**INSTRUCTIONS TO FOLLOW:**
Starting at the line that contains "auto technician installing" and stopping at the line that contains "Business diagrams with", restate each line of the records below exactly. Omit the pictures.

**MATERIAL FOR THIS TASK:**
--- --- ---
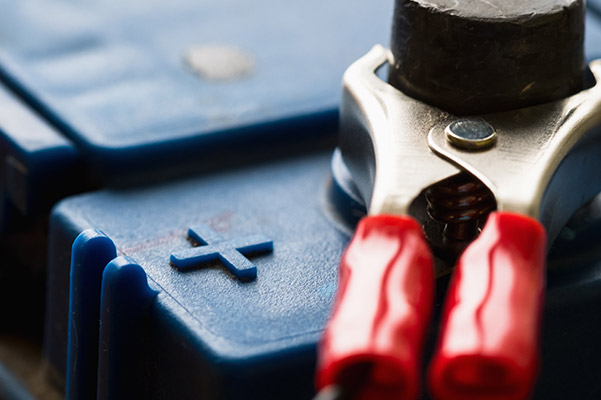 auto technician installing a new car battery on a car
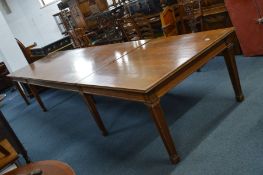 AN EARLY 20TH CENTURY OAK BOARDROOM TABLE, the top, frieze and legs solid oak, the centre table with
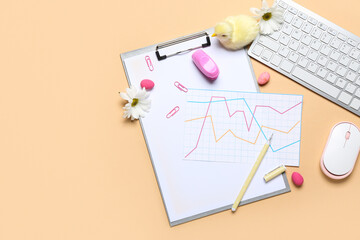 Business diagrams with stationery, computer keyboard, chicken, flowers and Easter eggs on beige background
--- --- ---
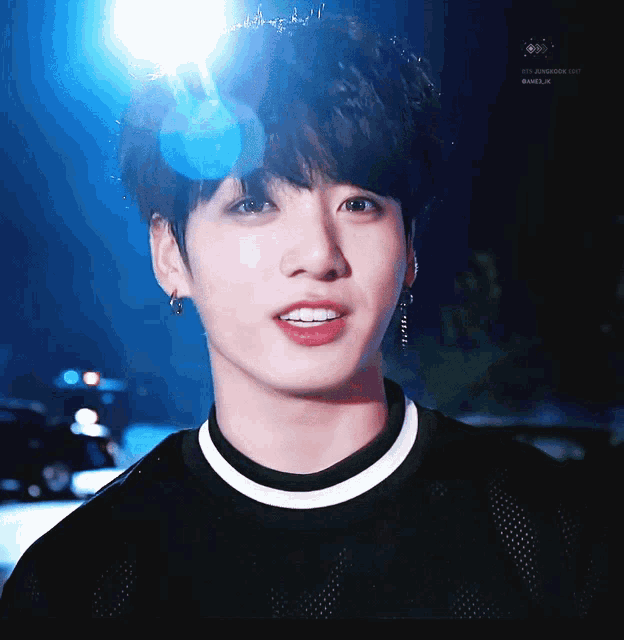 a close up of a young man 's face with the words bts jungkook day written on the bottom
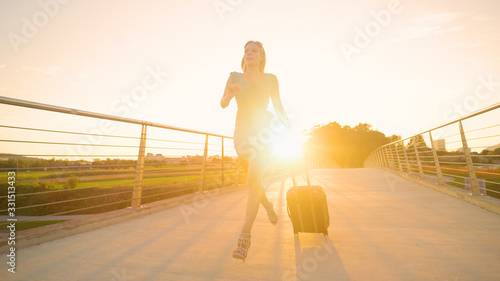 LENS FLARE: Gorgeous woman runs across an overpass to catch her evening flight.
--- --- ---
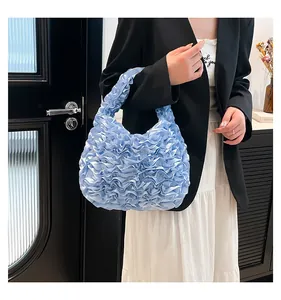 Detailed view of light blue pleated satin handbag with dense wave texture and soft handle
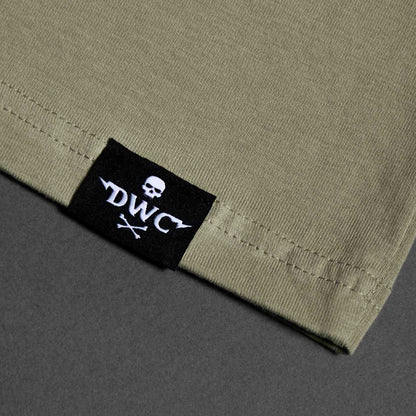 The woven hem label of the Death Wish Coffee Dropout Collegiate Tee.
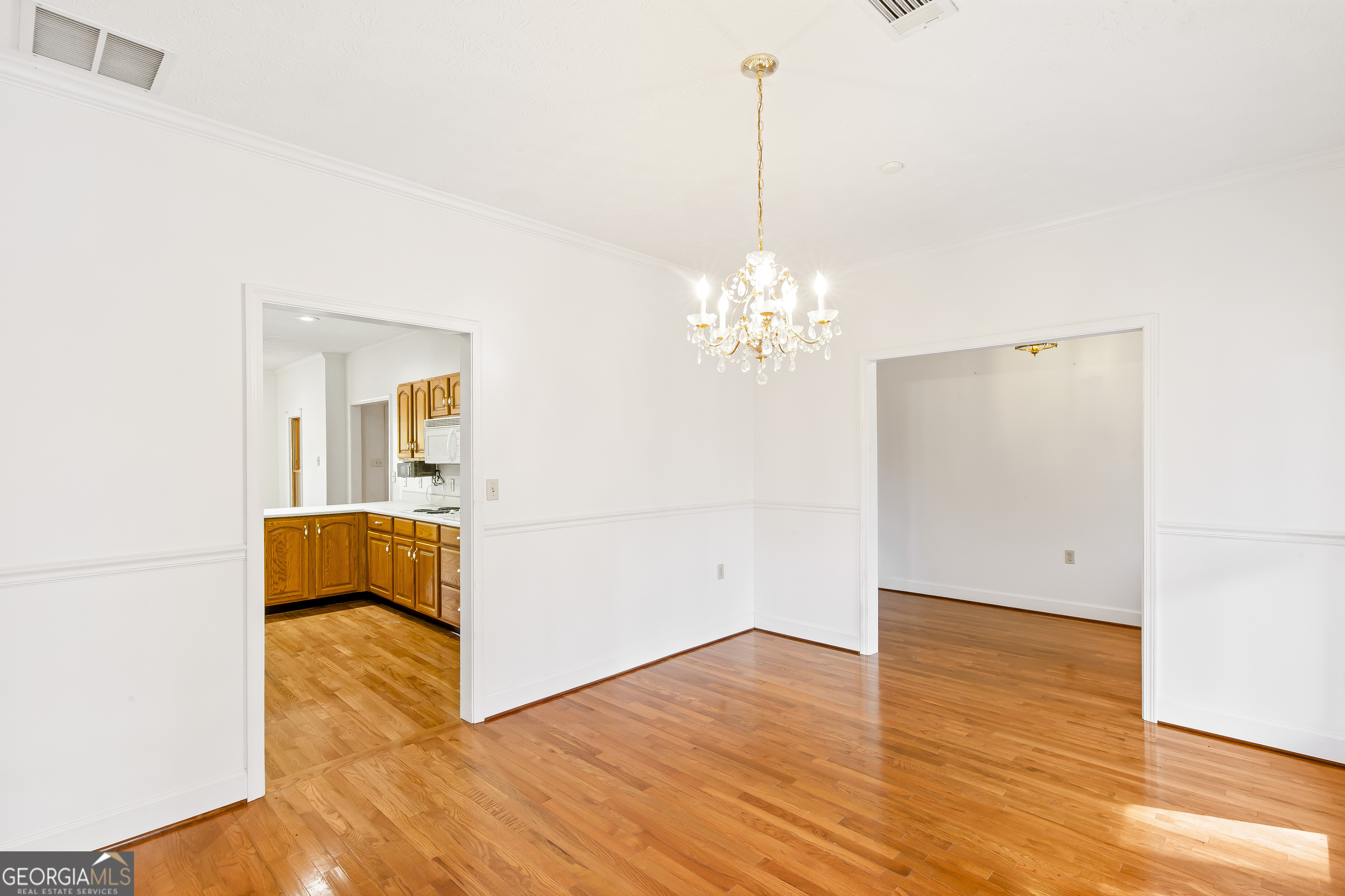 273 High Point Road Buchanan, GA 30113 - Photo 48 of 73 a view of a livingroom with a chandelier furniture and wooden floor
--- --- ---
**RESULT FOR THIS EXERCISE:**
 auto technician installing a new car battery on a car
 AN EARLY 20TH CENTURY OAK BOARDROOM TABLE, the top, frieze and legs solid oak, the centre table with
 Business diagrams with stationery, computer keyboard, chicken, flowers and Easter eggs on beige background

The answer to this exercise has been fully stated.